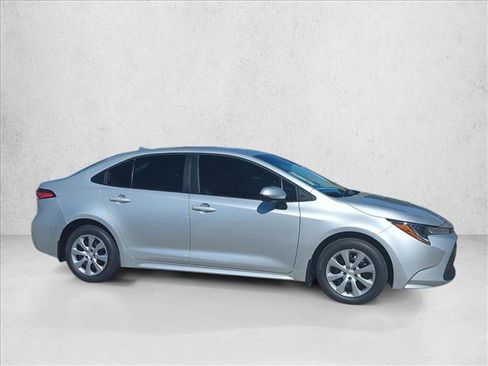 New 2026 Toyota Corolla LE image 4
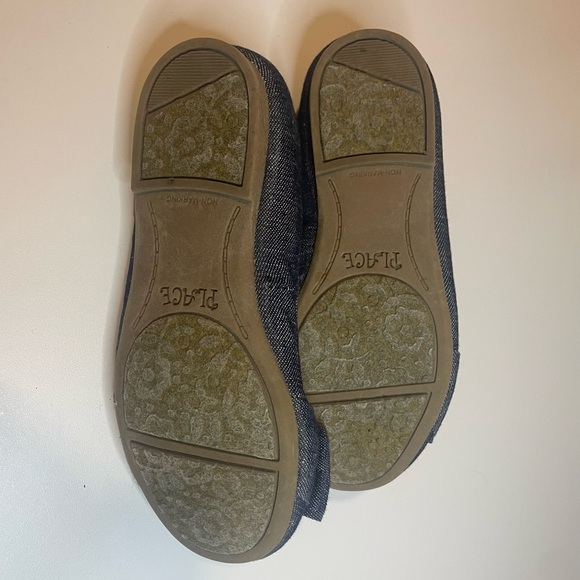 Children’s Place Little Kids flats, size 11. Gently Used- Retro (2014?) - Picture 3 of 4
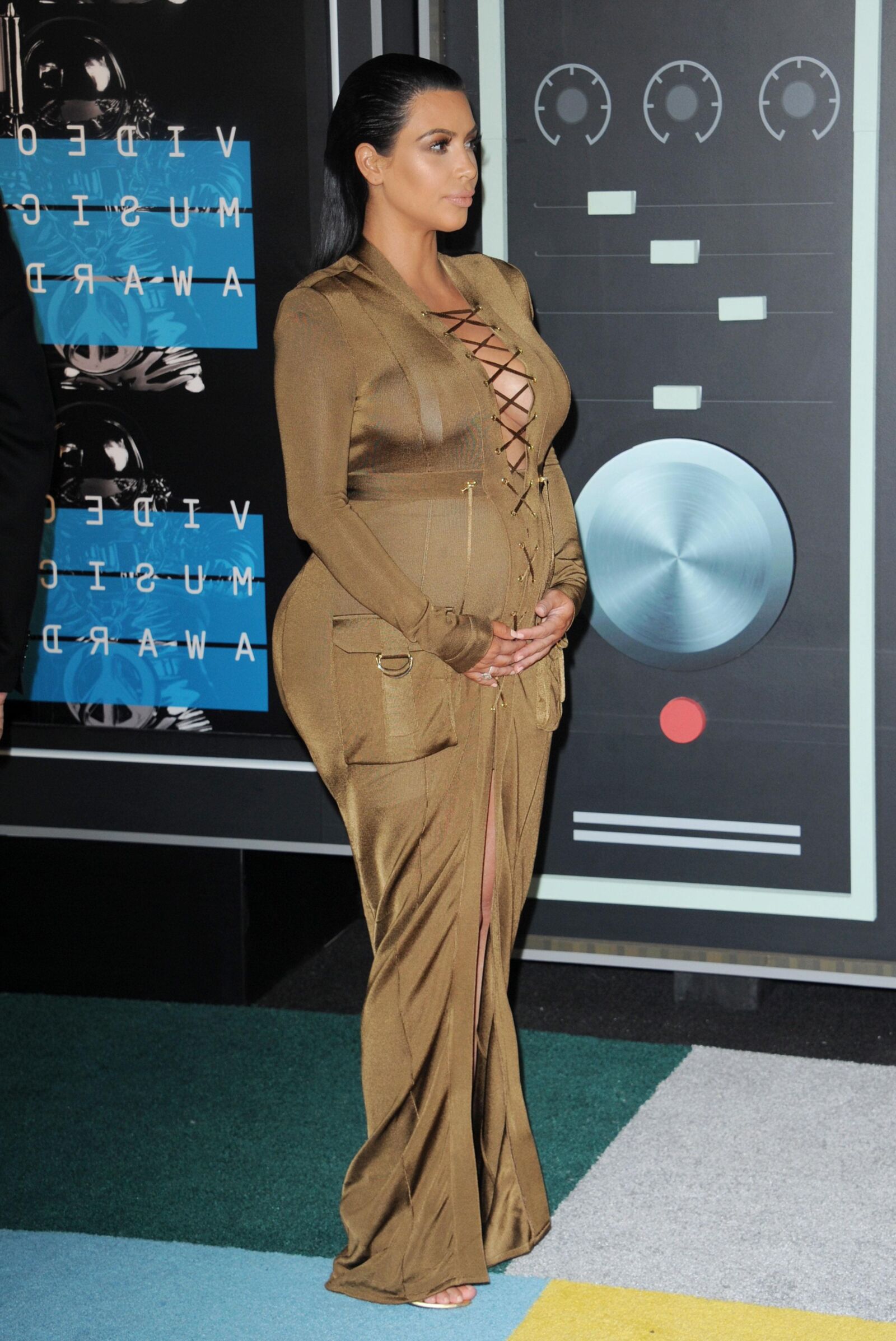 Kim Kardashian – MTV Video Music Awards 2015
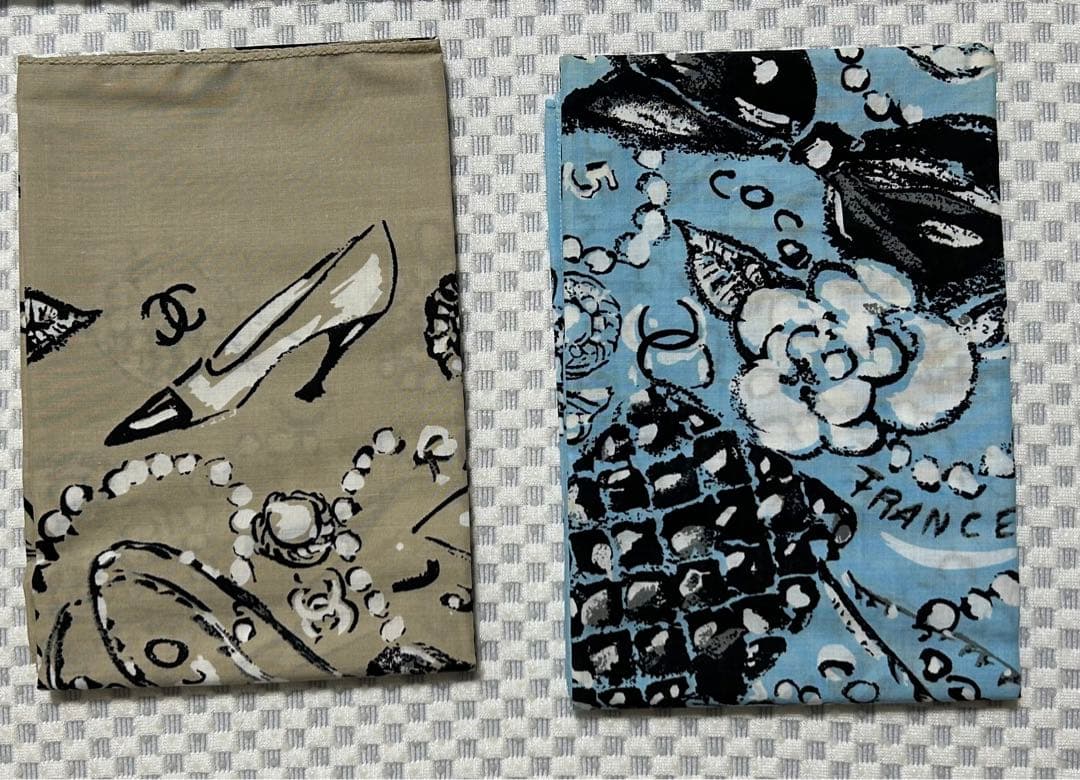 新品未使用　シャネルスカーフ新春値下1/末まで　ベージュ＆ブルー2枚セット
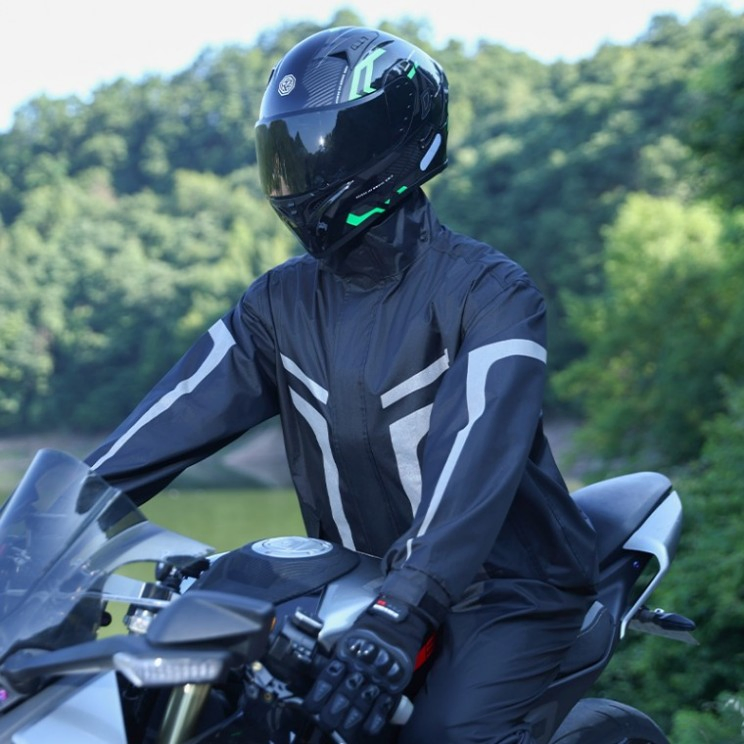 Hot Sale Quick-Drying High Quality Three-Dimensional Cutting Rain Suit Set with BSCI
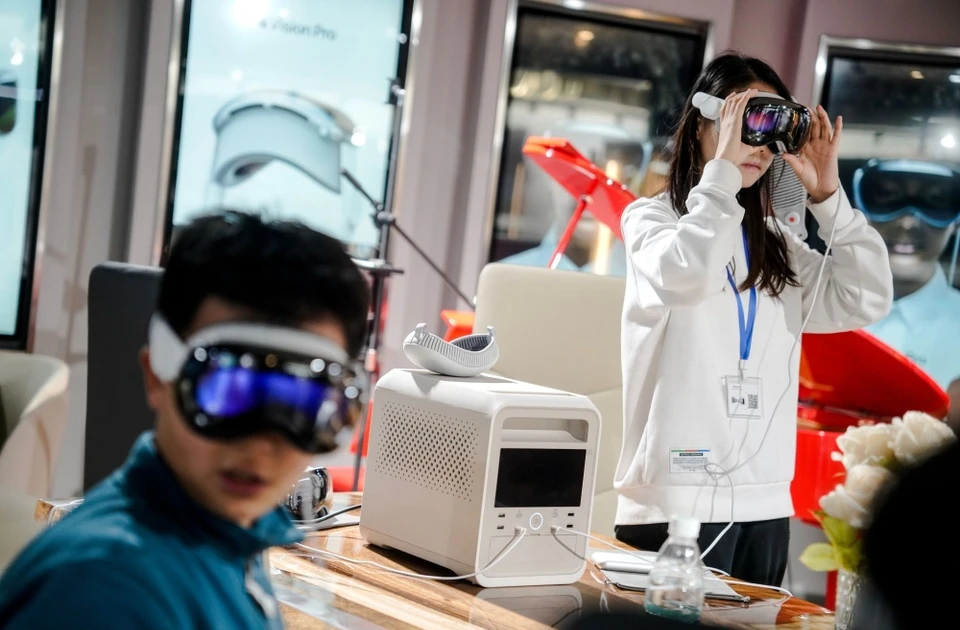Vision Pro của Apple: Vì sao kính thực tế ảo đắt đỏ không bán chạy?
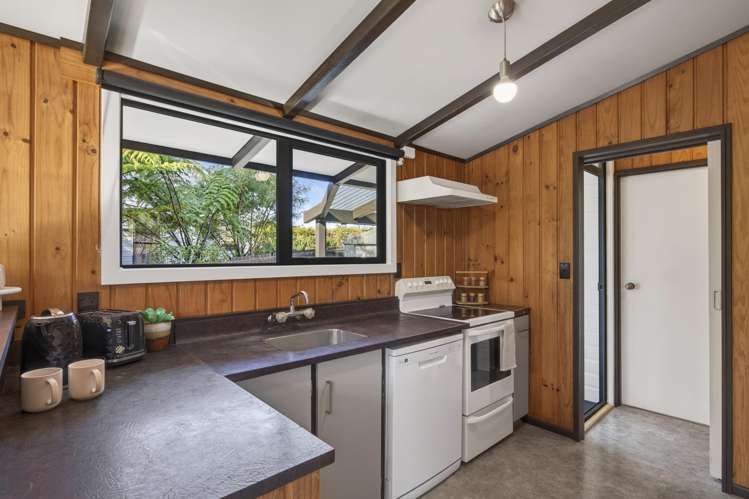 41 Takiroa Street Urenui_11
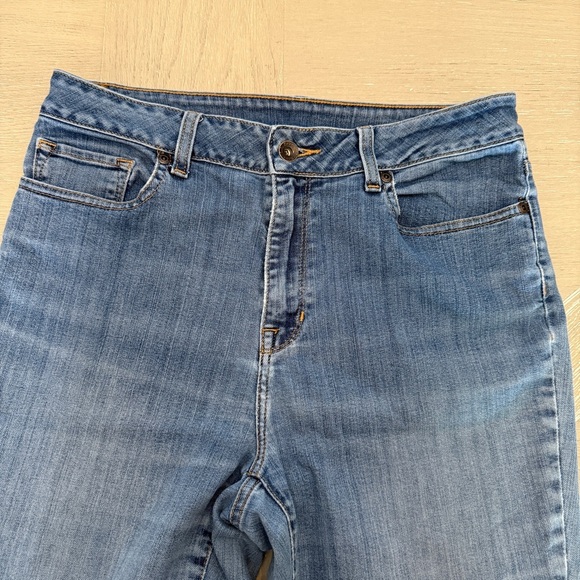 L.L. Bean Blue Straight Leg Jeans Classic Fit Denim - Picture 4 of 8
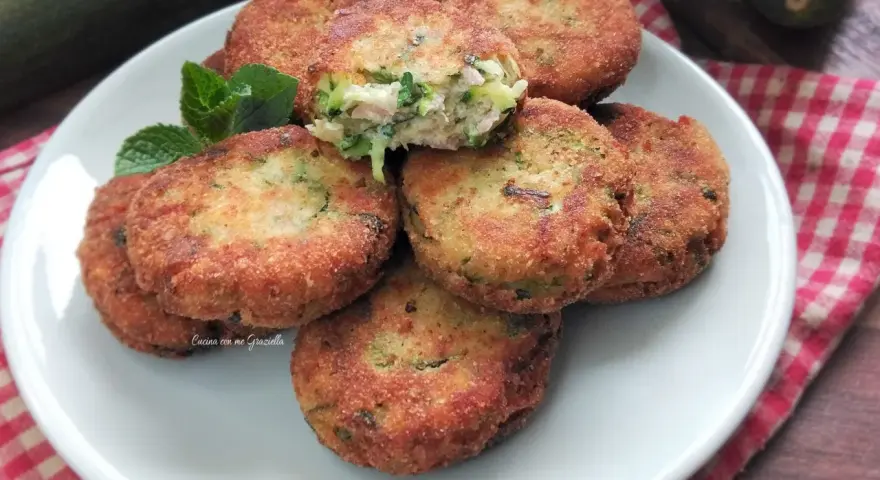 Polpette dorate di zucchine e ricotta, leggere e gustose, perfette per un antipasto o un secondo piatto.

What the exercise asks -> Wherever a picture appears in the material above, skip it and copy the rest without change.

Answer to the problem ->
 New 2026 Toyota Corolla LE image 4
 Children’s Place Little Kids flats, size 11. Gently Used- Retro (2014?) - Picture 3 of 4
 Kim Kardashian – MTV Video Music Awards 2015
 新品未使用　シャネルスカーフ新春値下1/末まで　ベージュ＆ブルー2枚セット
 Hot Sale Quick-Drying High Quality Three-Dimensional Cutting Rain Suit Set with BSCI
Vision Pro của Apple: Vì sao kính thực tế ảo đắt đỏ không bán chạy?
 41 Takiroa Street Urenui_11
 L.L. Bean Blue Straight Leg Jeans Classic Fit Denim - Picture 4 of 8
 Polpette dorate di zucchine e ricotta, leggere e gustose, perfette per un antipasto o un secondo piatto.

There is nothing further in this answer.